Buckets are associated with a region (geographical region). For example, a bucket created in “ap-northeast-1 (Tokyo Region)” will have its data physically stored in a data center near Tokyo. Choosing the appropriate region is crucial based on data proximity and compliance requirements.

Object and Key

Objects are identified by a “key” within a bucket. Keys resemble file paths, but notably, S3 does not have a hierarchical folder structure.

For example, even with a key like “photos/2024/vacation.jpg”, S3 treats it internally as a single string “photos/2024/vacation.jpg”. The ”/” is merely a visual delimiter and does not represent an actual folder structure. For this reason, S3 is also described as “flat storage.”

Versioning and Lifecycle

Enabling S3’s versioning feature allows you to retain multiple versions of an object with the same key. This is extremely useful for protecting data from accidental overwrites or deletions.

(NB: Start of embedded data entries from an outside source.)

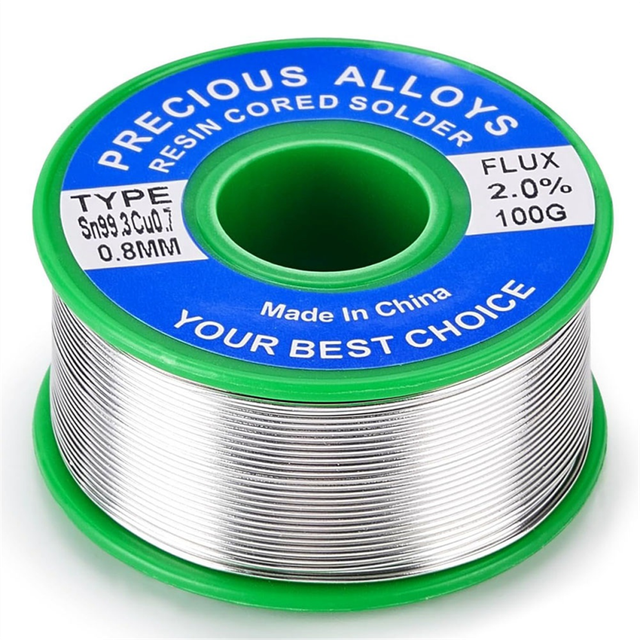 Lead Rosin Core Solder Wire for Electrical Soldering, Content 2.0% Flux Sn99.3-Cu0.7 (0.8mm, 100G)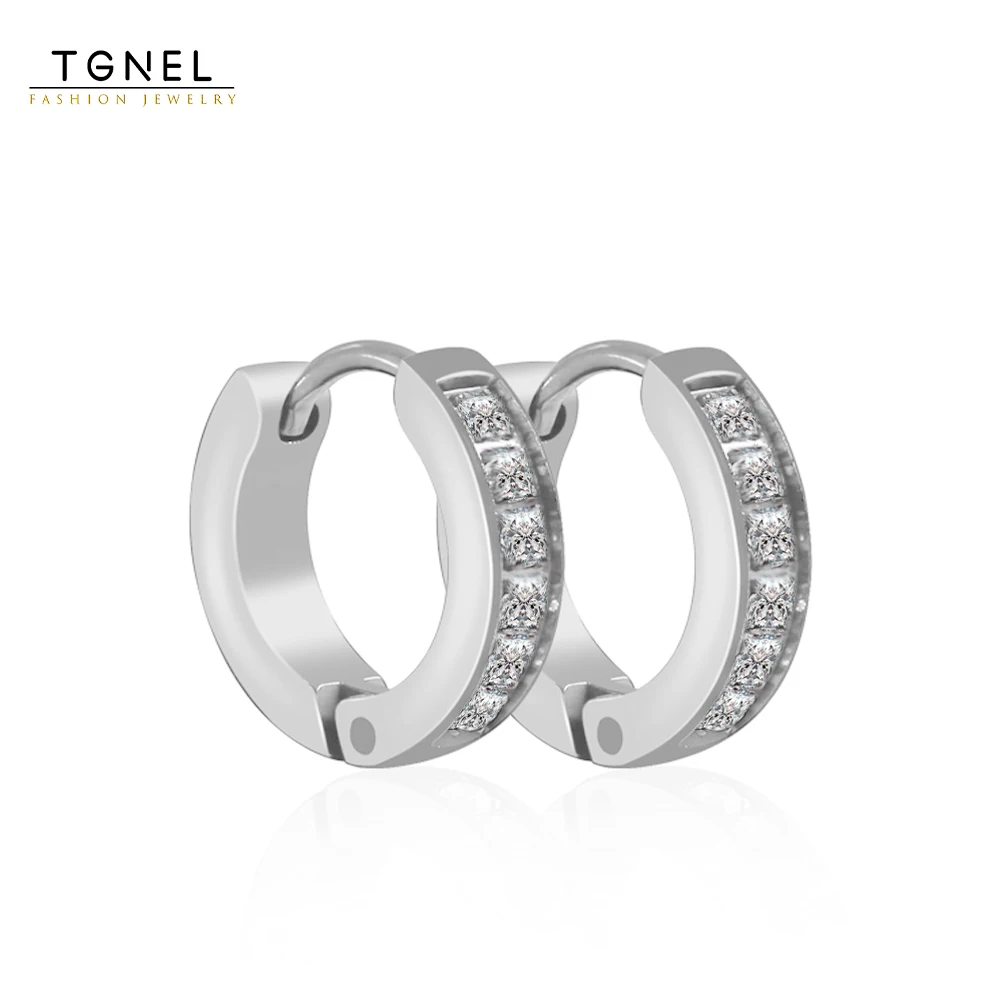 

TGNEL Small Hoop Earrings For Men Women Pure Titanium Hypoallergenic For Sensitive Ears Square Cubic Zirconia Cuff Earrings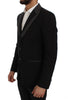 Black Wool Stretch Slim Blazer Jacket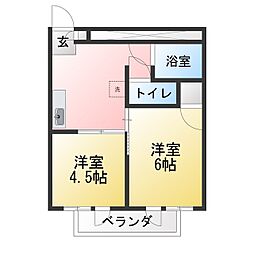 メゾン・ド・ノア台町 2DKの間取図画像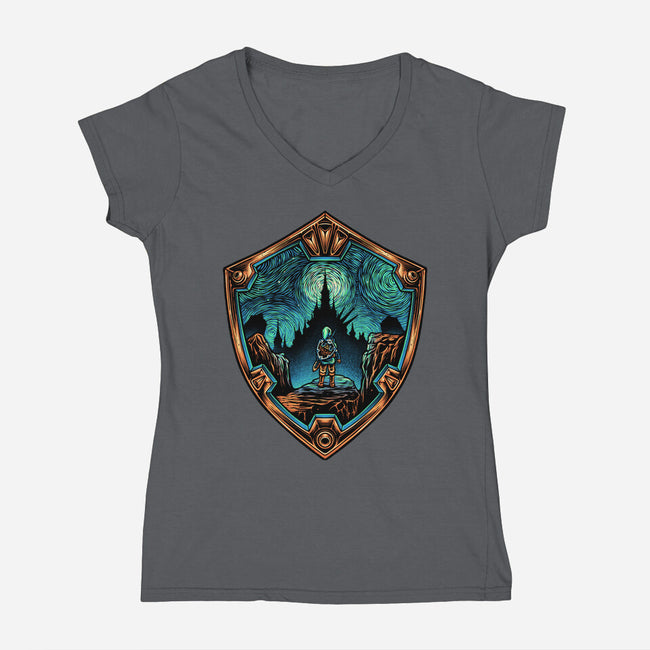 Destiny In The Horizon-Womens-V-Neck-Tee-glitchygorilla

By setting lifecycle rules, you can automatically change storage classes or delete objects based on their age or version. This is a key feature for cost optimization.

Key Features of S3

High Durability and Availability

S3 is designed to provide 99.999999999% (11 nines) of annual durability. This means that if you store 1 billion objects, you can expect to lose fewer than one object per year on average. Data is automatically replicated across multiple facilities (Availability Zones), providing strong resilience against hardware failures and disasters.

Scalability and Performance

S3 offers virtually unlimited storage capacity and automatically scales with changes in data volume. In terms of performance, it can handle thousands to tens of thousands of requests per second and supports efficient transfer of large files via multipart uploads.

Security Features

S3 has multi-layered security features. Access control can be managed using bucket policies, ACLs (Access Control Lists), and IAM policies. All communication is encrypted via HTTPS (TLS), and encryption-at-rest options include SSE-S3, SSE-KMS, and SSE-C.

Furthermore, the S3 Block Public Access feature prevents accidental public exposure due to misconfigurations. Enabling this feature across an organization can significantly reduce the risk of accidental bucket exposure.

S3 Replication

Using S3’s Cross-Region Replication (CRR) or Same-Region Replication (SRR), you can automatically replicate objects between buckets. This is used for disaster recovery (DR), low-latency delivery to global users, and meeting compliance requirements.

S3 Event Notifications

You can send event notifications for object creation or deletion in a bucket to Amazon Lambda, Amazon SQS, or Amazon SNS. This enables building serverless architectures that trigger automatic processing based on data uploads.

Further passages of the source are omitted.